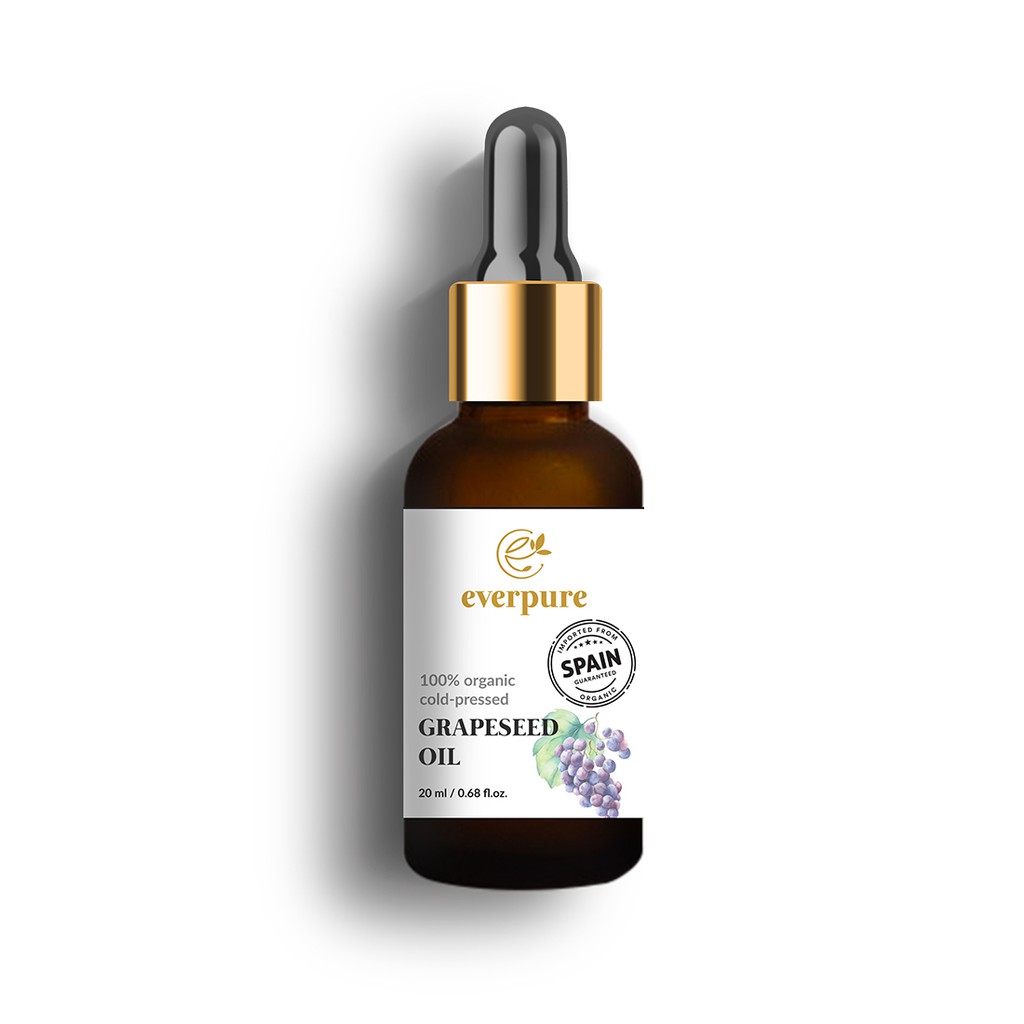 Everpure Grapeseed Oil - Cold-Pressed | Review Marsha Beauty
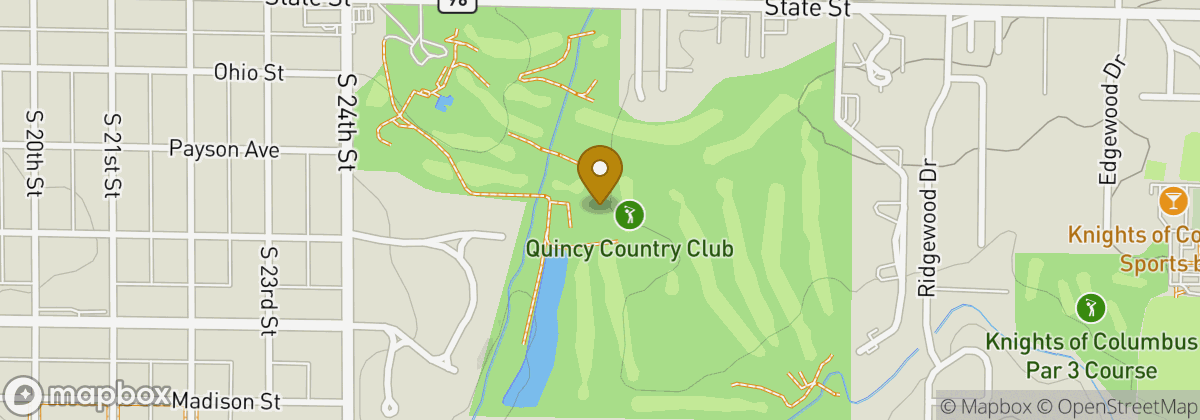 Map location: Quincy Country Club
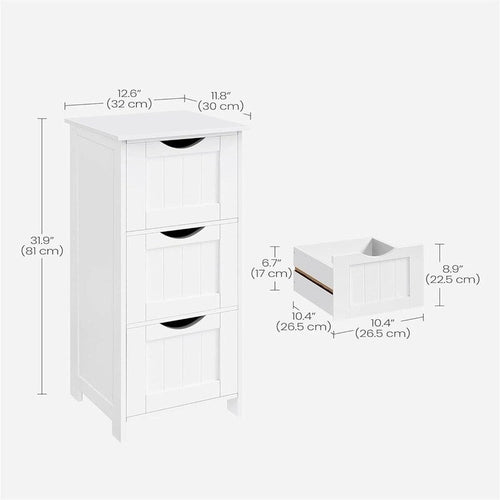 Meuble de sol de salle de bain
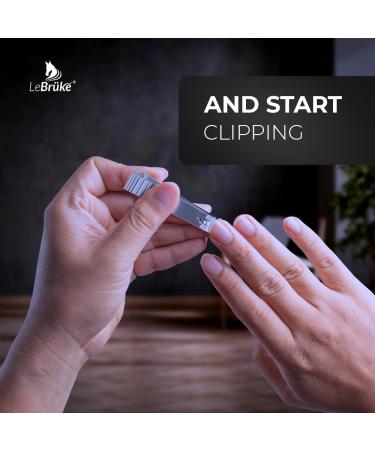 Lebr ke 2 Nail Clippers - Extra Sharp Blade for Fingernails & Toenails - Strong & Sturdy - Buy Online on GoSupps.com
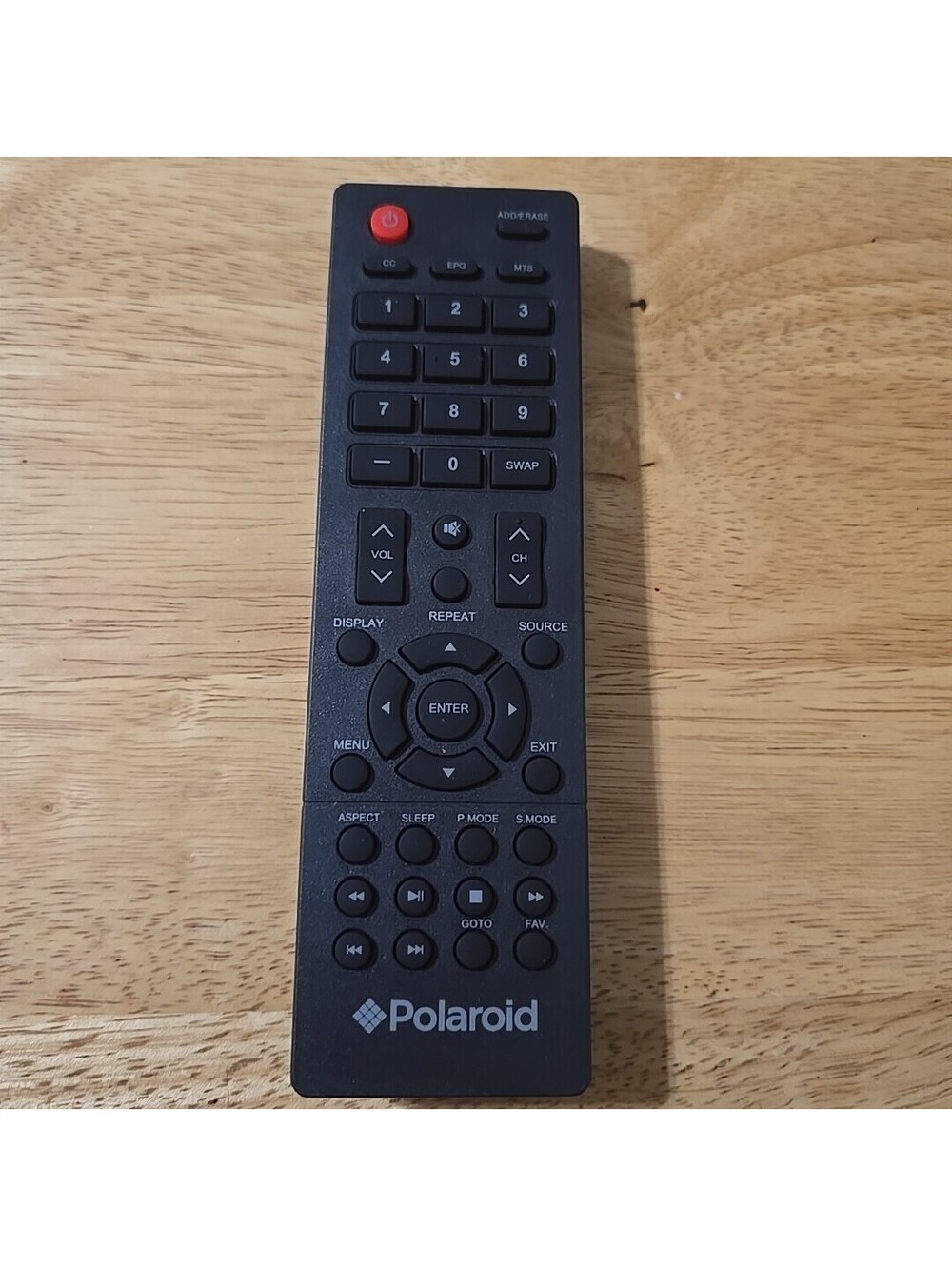 Polaroid KT1744-HG2 TV Remote Control OEM Controller. Cleaned, Tested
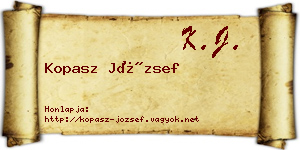 Kopasz József névjegykártya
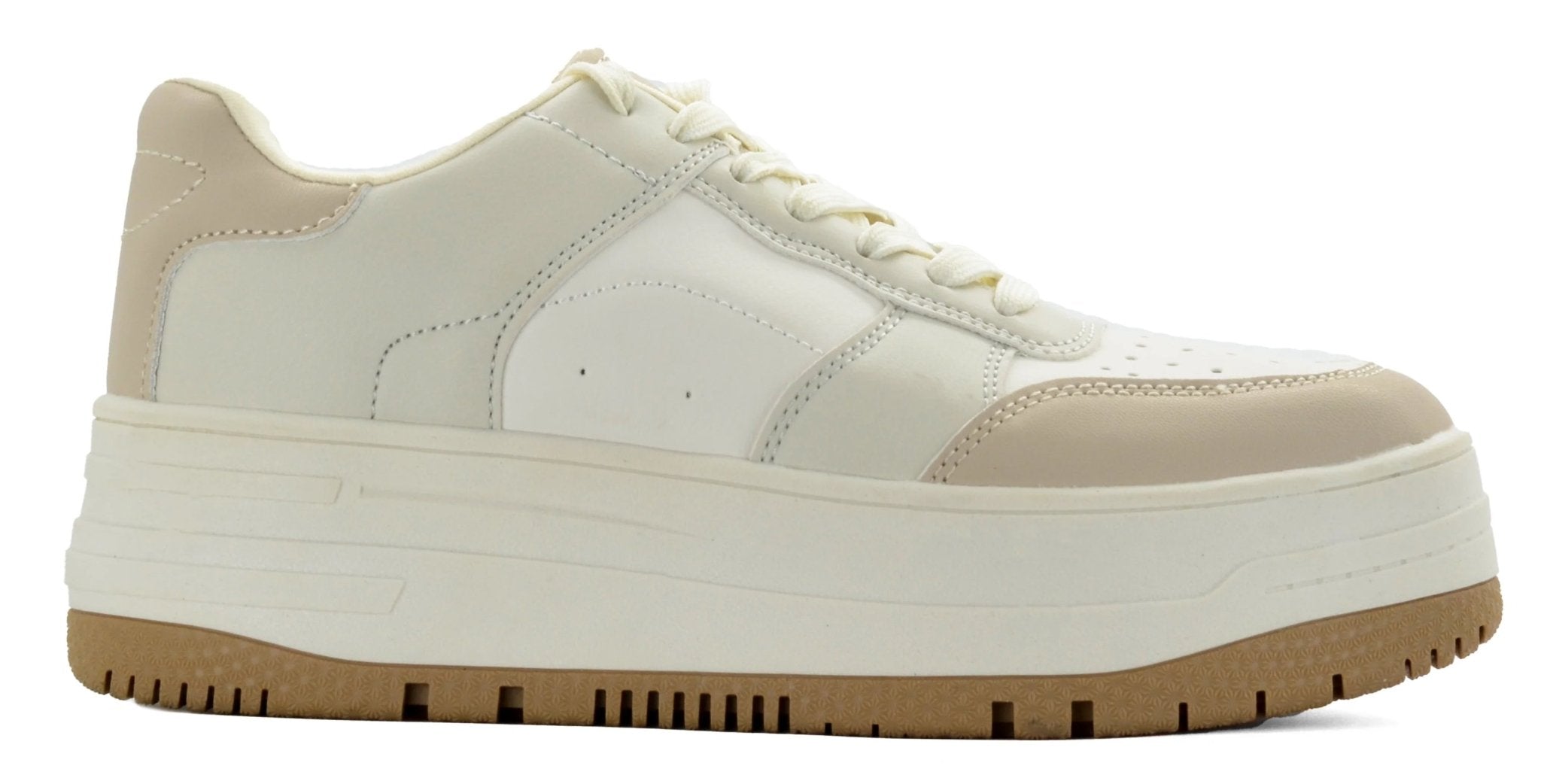 BERSHKA Contrast platform sneakers - Footcourt Egypt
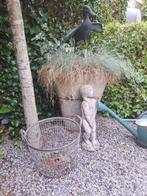 Oude zinken aardappelmand vintage,brocant, Ophalen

# Exercise
Return every entry of the data above verbatim, with no images included.

# Answer box
 Everpure Grapeseed Oil - Cold-Pressed | Review Marsha Beauty
 Map location: Quincy Country Club
 Meuble de sol de salle de bain
 Lebr ke 2 Nail Clippers - Extra Sharp Blade for Fingernails & Toenails - Strong & Sturdy - Buy Online on GoSupps.com
 Polaroid KT1744-HG2 TV Remote Control OEM Controller. Cleaned, Tested
 Kopasz József névjegykártya
 BERSHKA Contrast platform sneakers - Footcourt Egypt
 Oude zinken aardappelmand vintage,brocant, Ophalen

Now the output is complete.